Segment Start: Dataset excerpt

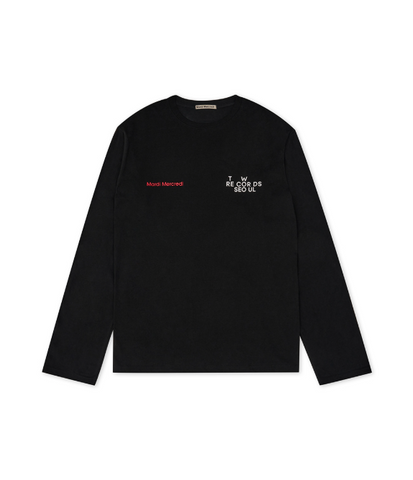 韓國 Mardi Mercredi UNISEX TSHIRT LONG SLEEVE MARDI MERCREDI TW RECORDS【MM134】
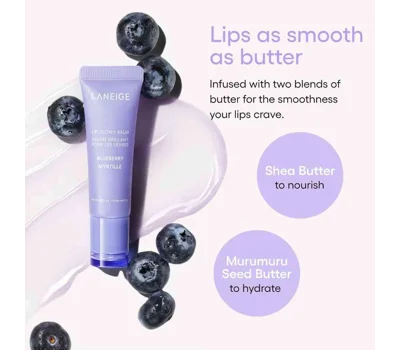 Lip Glowy Balm Blueberry 10g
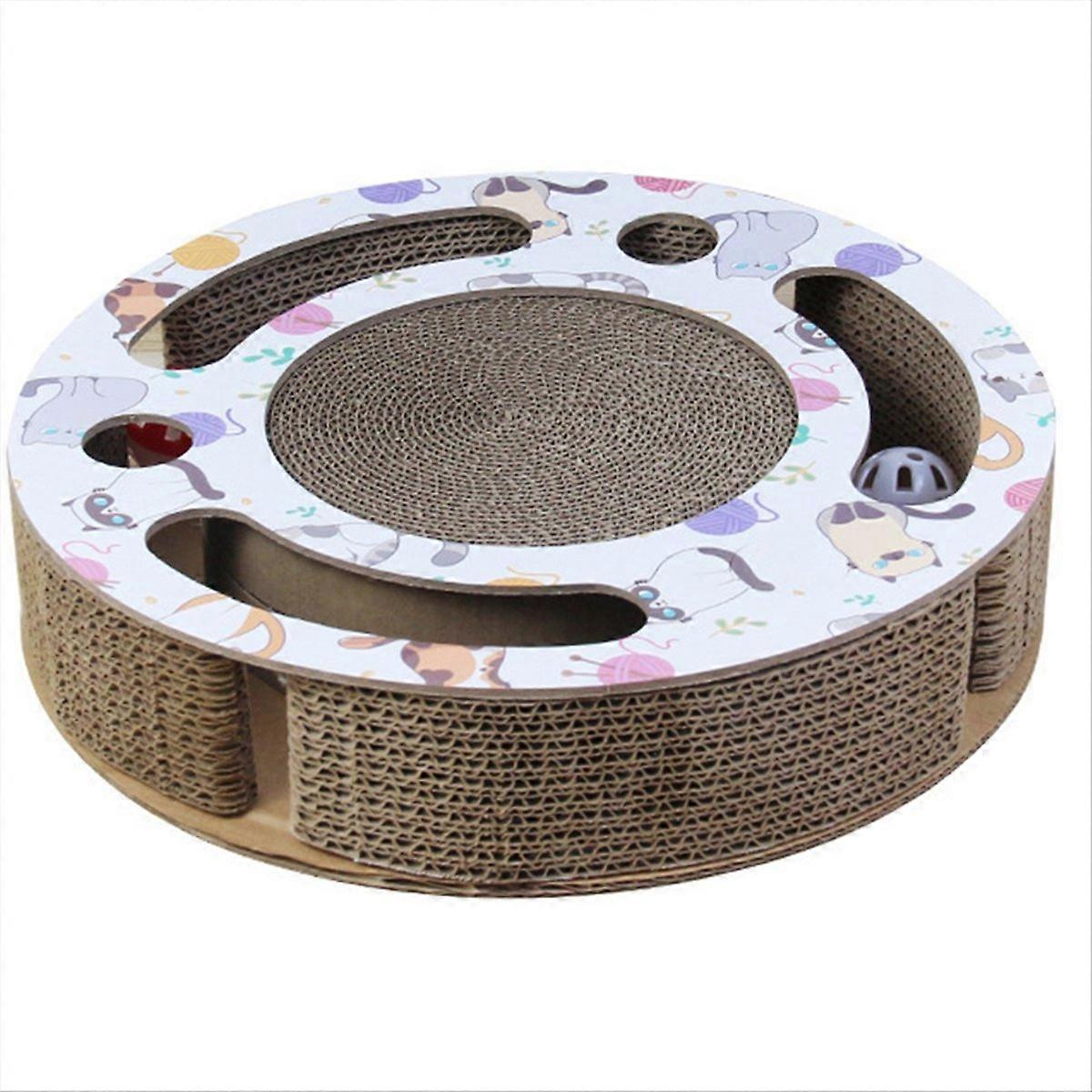 Cat Scratching Board Ball Multi-Function Type A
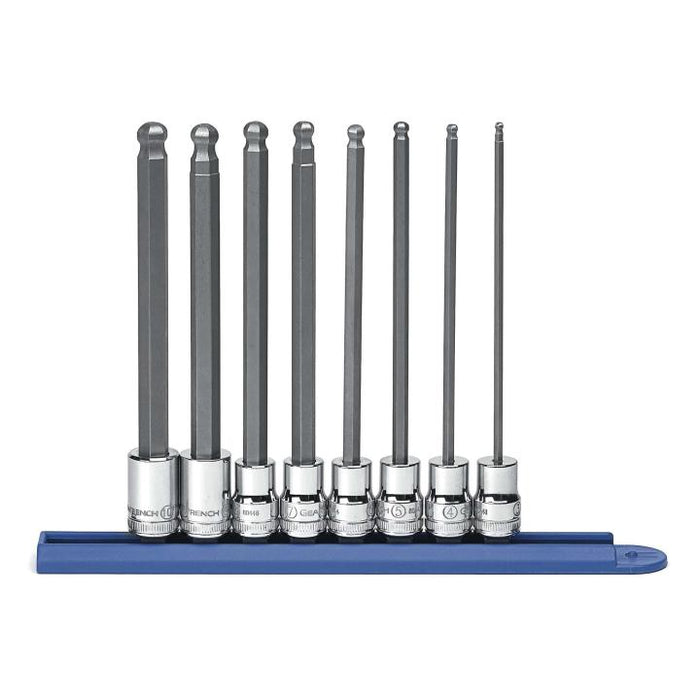 SET SKT HEX BIT BLL MET 3/8DR 8PC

Segment End: Dataset excerpt

**Problem to work on:**
Reproduce all of the data exactly; the pictures do not belong in the copy.

**Your response:**
 韓國 Mardi Mercredi UNISEX TSHIRT LONG SLEEVE MARDI MERCREDI TW RECORDS【MM134】
 Lip Glowy Balm Blueberry 10g
 Cat Scratching Board Ball Multi-Function Type A
 SET SKT HEX BIT BLL MET 3/8DR 8PC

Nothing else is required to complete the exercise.